The sum in question is $$\sum_{k=0}^\infty x^{a^k}. $$ This comes from a more difficult summation, but if I can find the value of this one then the other one is solved.

Does anyone know the exact value of this? Any help in that direction would be really appreciated.

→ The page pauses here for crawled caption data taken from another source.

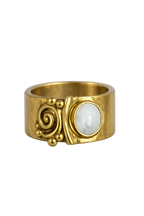 Vintage Moonstone Gold Ring
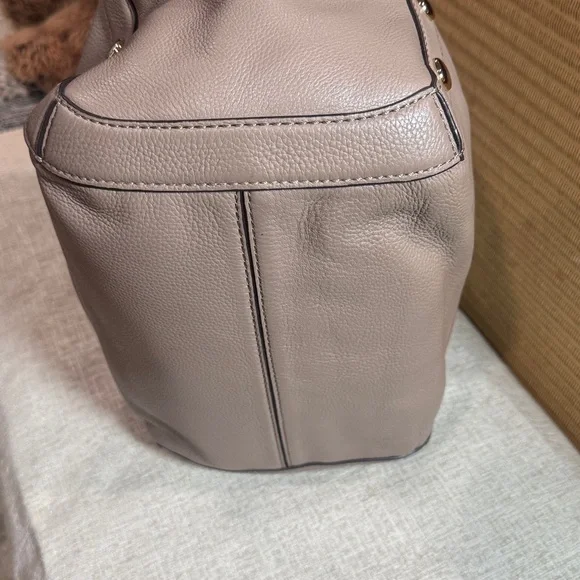 Michael Kors Delancey Taupe Leather & Chain Shoulder Bag with Gold Stud Accents - Picture 7 of 13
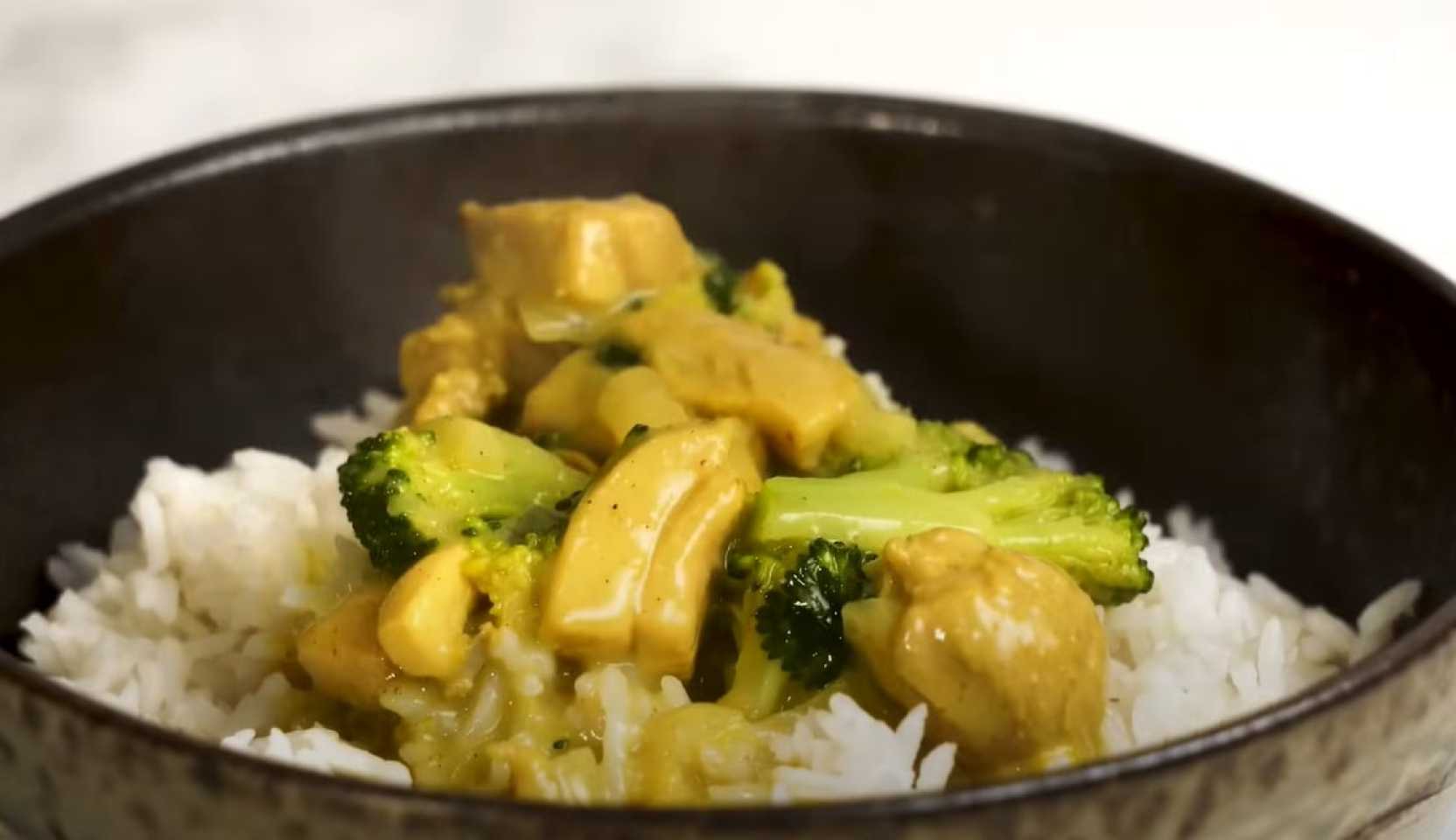 Image du plat : Poulet au curry, noix de coco et brocoli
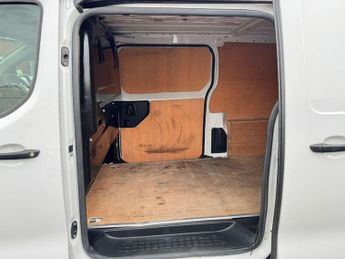 Vauxhall Vivaro 1.5 Turbo D 2900 Dynamic L2 H1 Euro 6 (s/s) 6dr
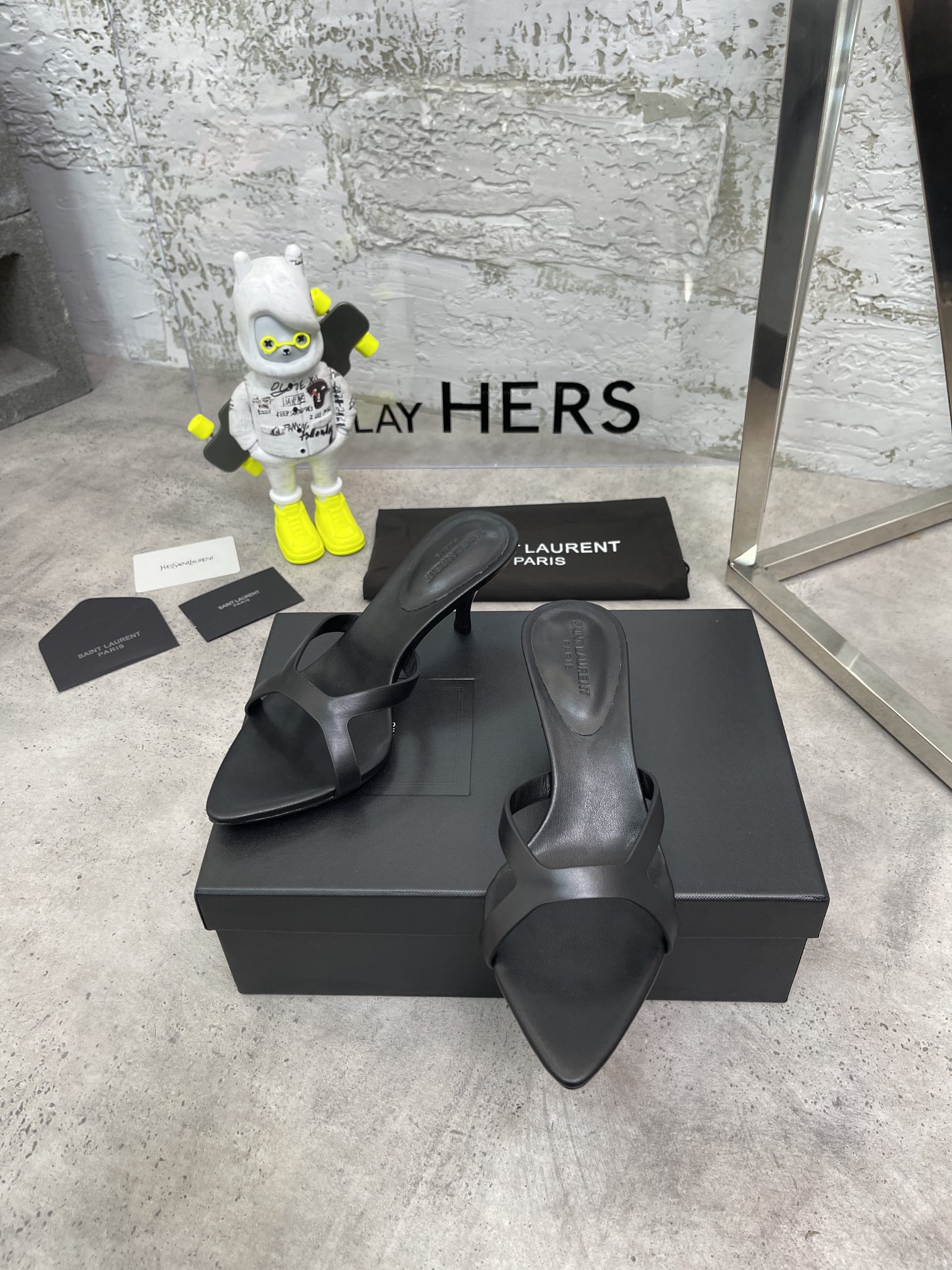 𝙎𝙖𝙞𝙣𝙩 𝙇𝙖𝙪𝙧𝙚𝙣𝙩 | 𝟐𝟎𝟐𝟐/𝐒𝐒 𝐧𝐞𝐰 YSL｜Early spring hot ysl high heel slippers Italian leather bottom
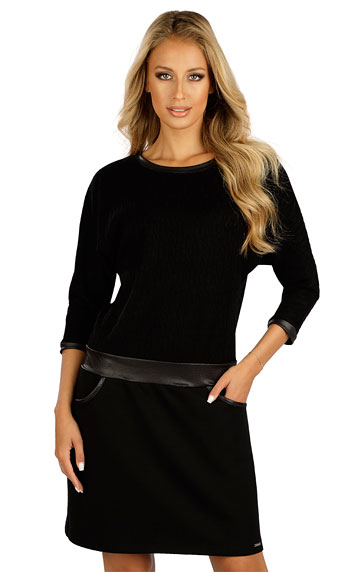 Women´s clothes > Women´s dress with 3/4 length sleeves. 7D022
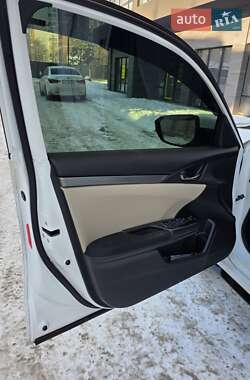 Хэтчбек Honda Civic 2016 в Киеве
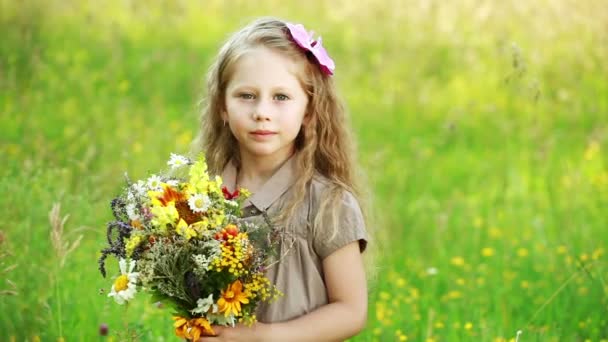 Linda chica con flores. — Vídeo de stock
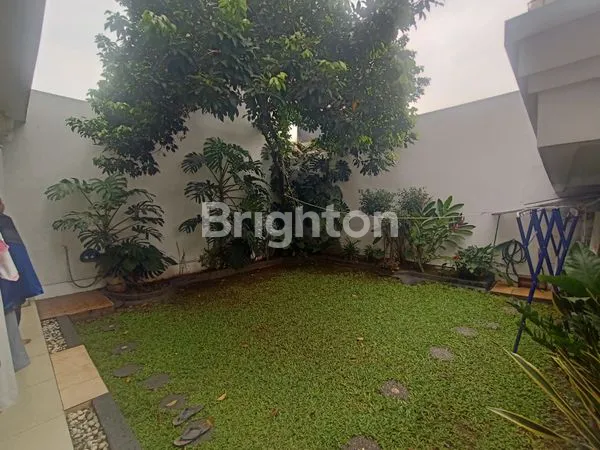 image RUMAH MEWAH DI PERUMAHAN ELIT DI CIBUBUR (8)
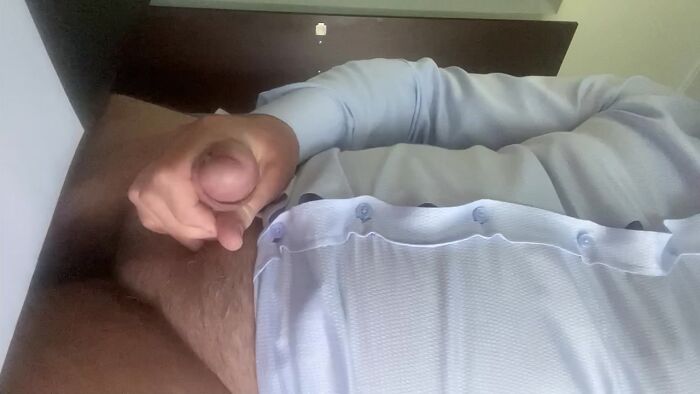 Дрочу на жену.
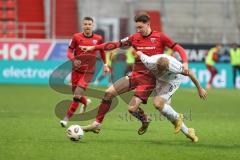 3. Liga; FC Ingolstadt 04 - TSG Hoffenheim II; Zweikampf Kampf um den Ball Julian Kügel (29, FCI) Lässig Valentin (6 TSG)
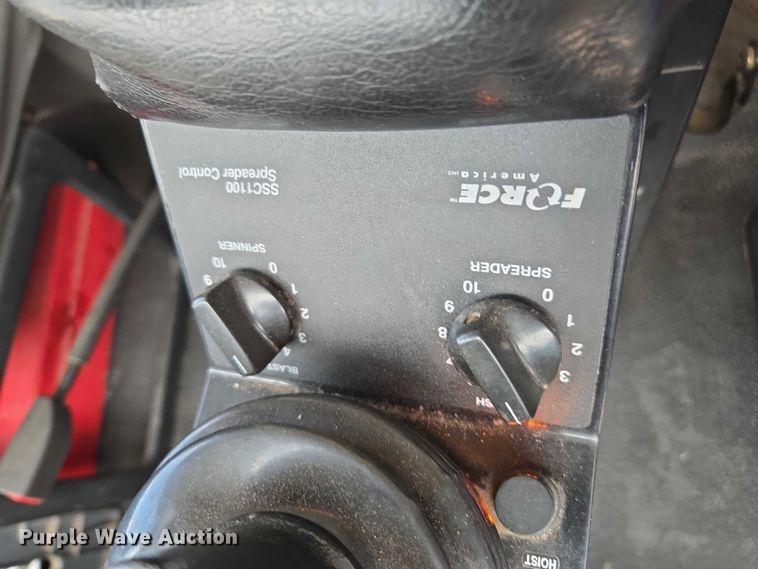 image for item EC1167 2009 International SF625 dump truck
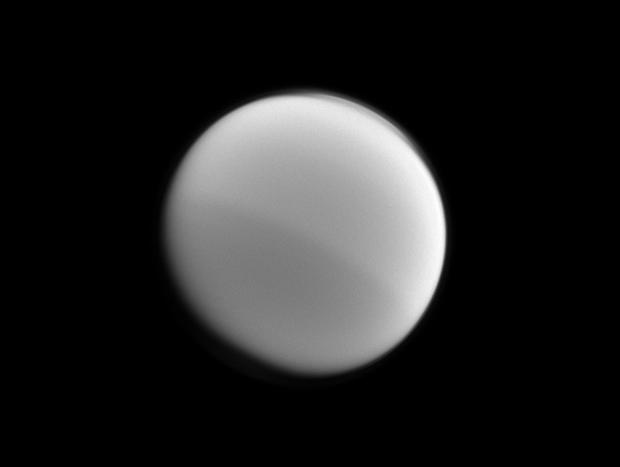 Saturn-Moon-4.jpg 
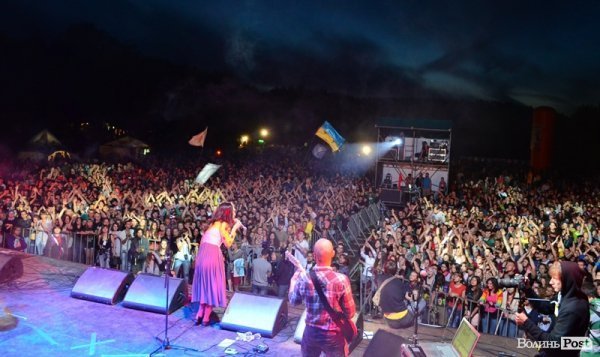 Як тисячі людей відривалися на фестивалі «Захід». ФОТО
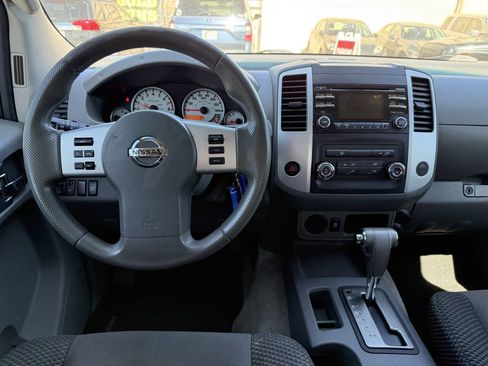 Used 2014 Nissan Frontier Desert Runner image 13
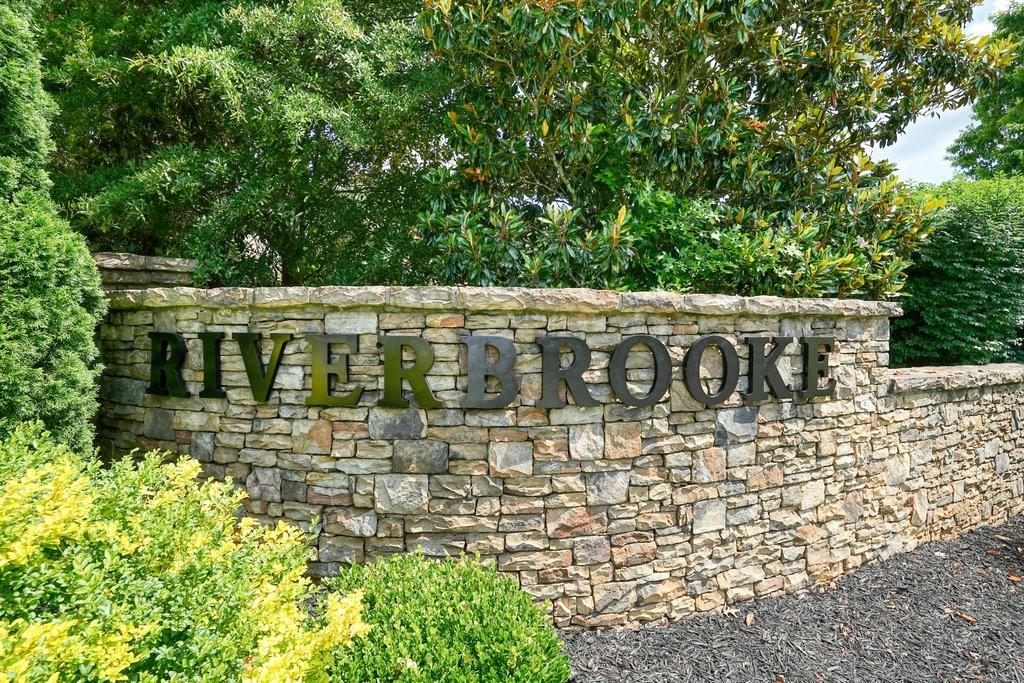 1630 Eaglerock Drive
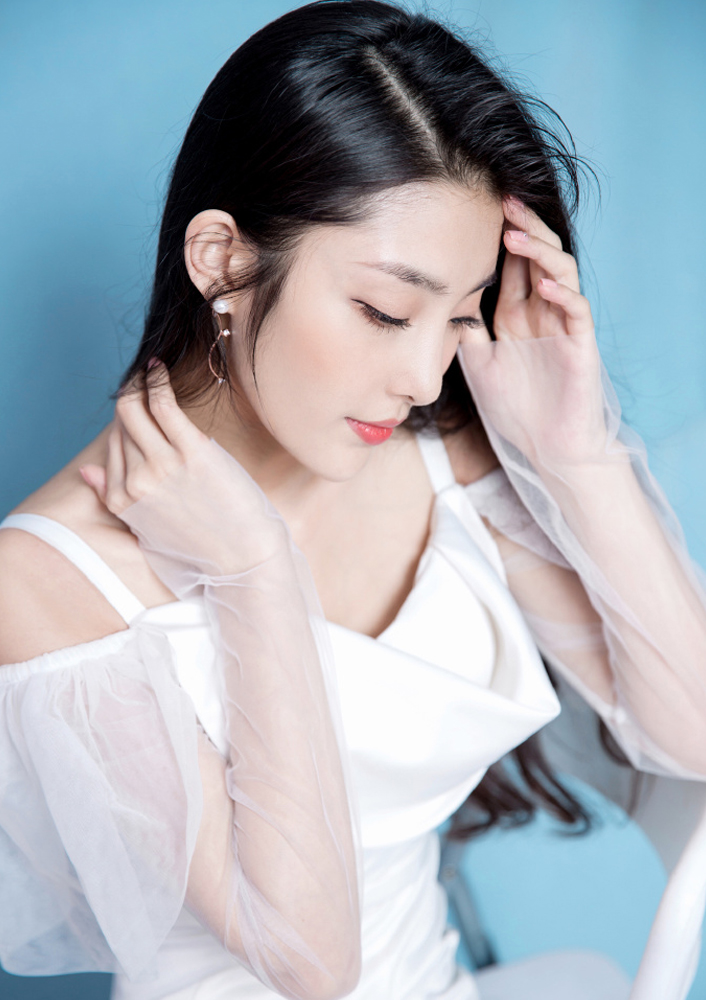 yy美女主播小茉然写真照5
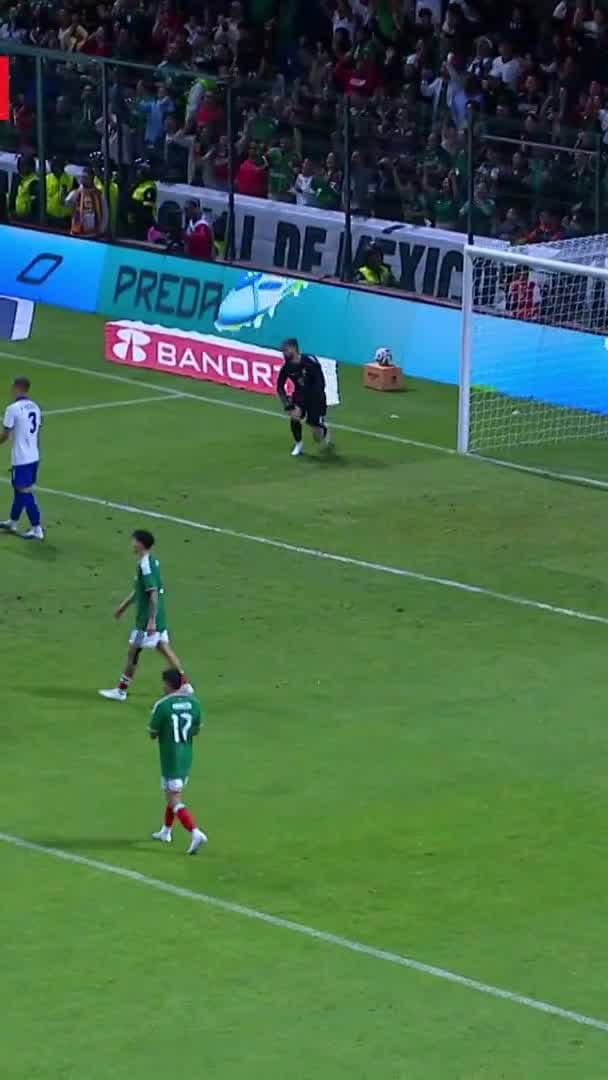 ¡LA MANITA! Qué golazo de Chávez para el quinto y definitivo de México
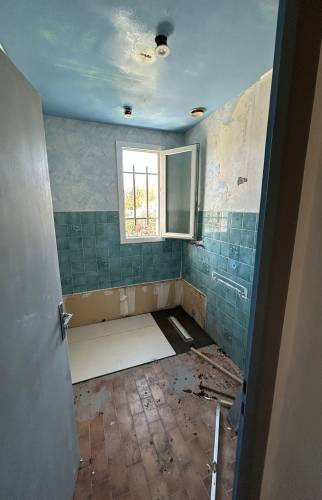 Ancienne salle de bain en cours de travaux d’adaptation à Voiron
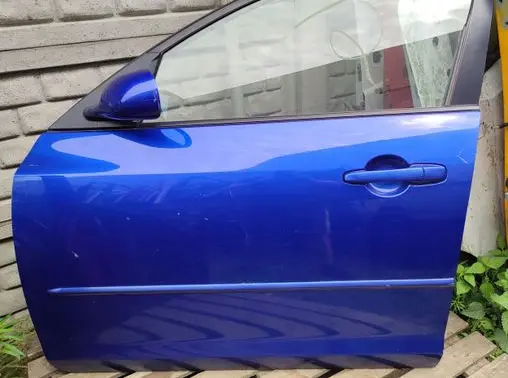 Mazda 3 I Rear door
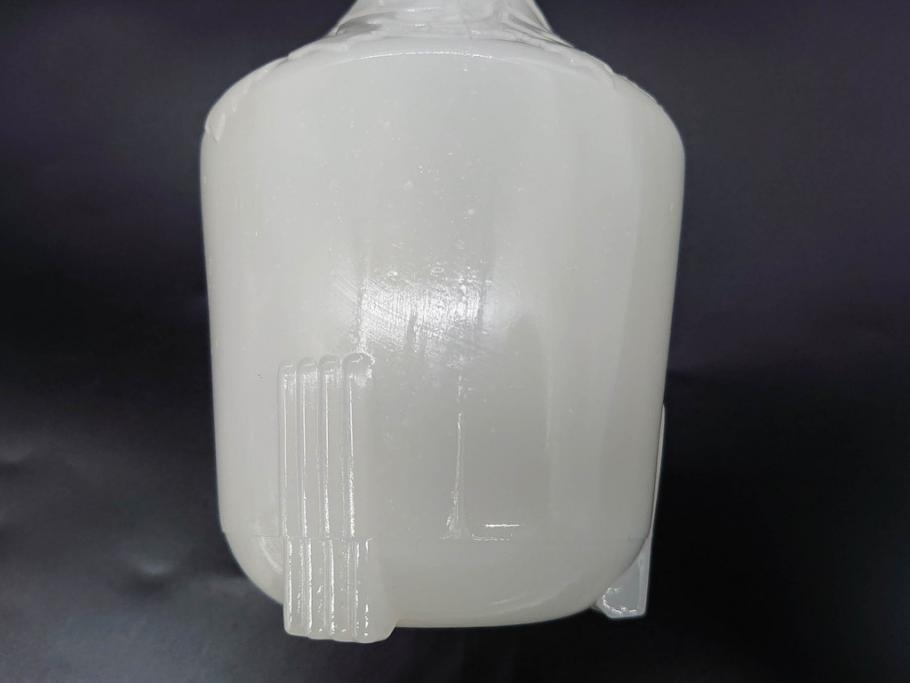 昭和レトロ　乳白　空間に温かみと安らぎを与えてくれるガラス瓶2点セット(ワインボトル、硝子、ビン、花瓶、花入、花生、花器)(R-082799)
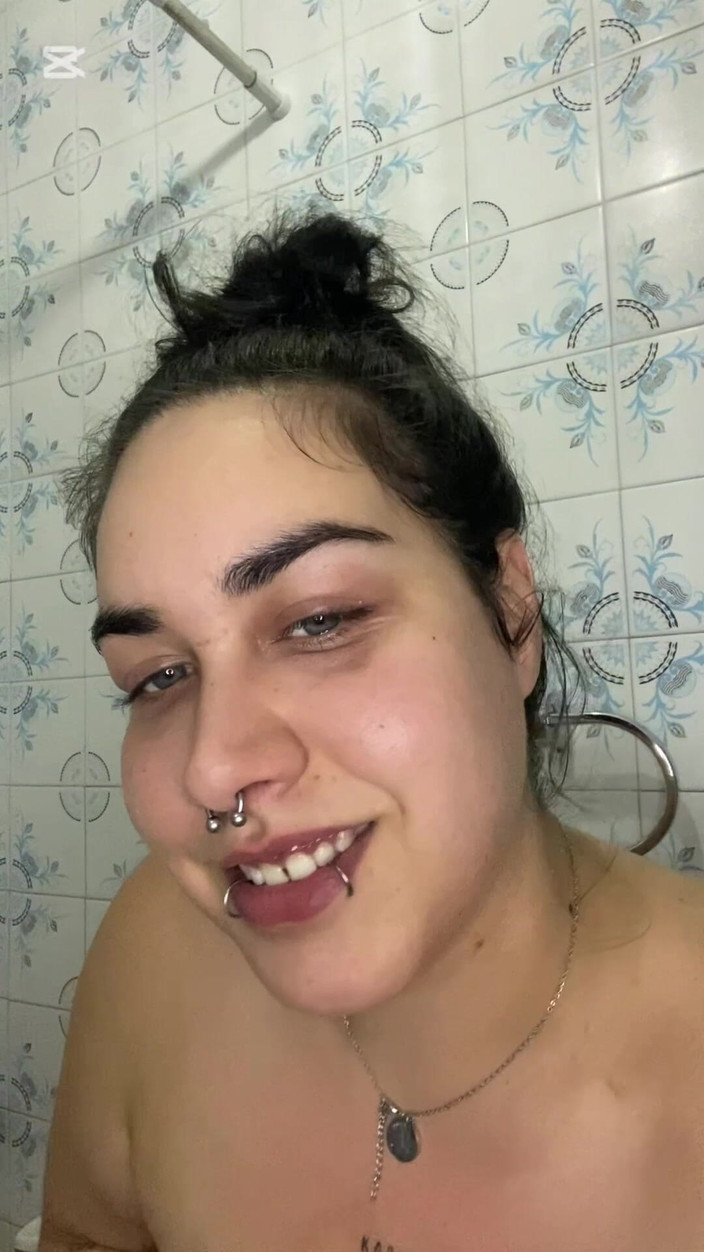 CtanguarraChubby: Gordinha peituda brinca com óleo por todo o corpo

The original problem is in this post: A tricky infinite sum-- solution found numerically, need proof

$X Y^{\alpha} + X^2 Y^{\alpha + \alpha^2} +X^3 Y^{\alpha + \alpha^2 + \alpha^3} + ...=\sum\limits_{j = 1}^{\infty}X^j \prod\limits_{k = 1}^{j}Y^{\alpha^k}$ where $0 < \alpha < 1, 0 < X < 1$ and $Y>0$

  • $\begingroup$ I'm afraid not. All that's clear is that, in order for the sum to be convergent, $|x|<1$. Perhaps putting up the original question would be more useful ? $\endgroup$ – Lucian Jan 3 '14 at 17:30
  • $\begingroup$ It would definitely help if you put up the original question. $\endgroup$ – user98602 Feb 15 '14 at 8:12
  • $\begingroup$ There it is. @Mike $\endgroup$ – ReverseFlow Feb 15 '14 at 8:24
  • $\begingroup$ It looks as if my answer to math.stackexchange.com/questions/664438/… might match your problem. If it is so, and the approach meets your needs in principle then it might be adapted/refined if needed/if possible. $\endgroup$ – Gottfried Helms Feb 17 '14 at 17:33
  • $\begingroup$ Also you might google for "lacunary series". $\endgroup$ – Gottfried Helms Feb 17 '14 at 18:13

There seems to be no general closed expression for this. The problem is known with the keyword "lacunary series", and there is an informative wikipedia-page about this.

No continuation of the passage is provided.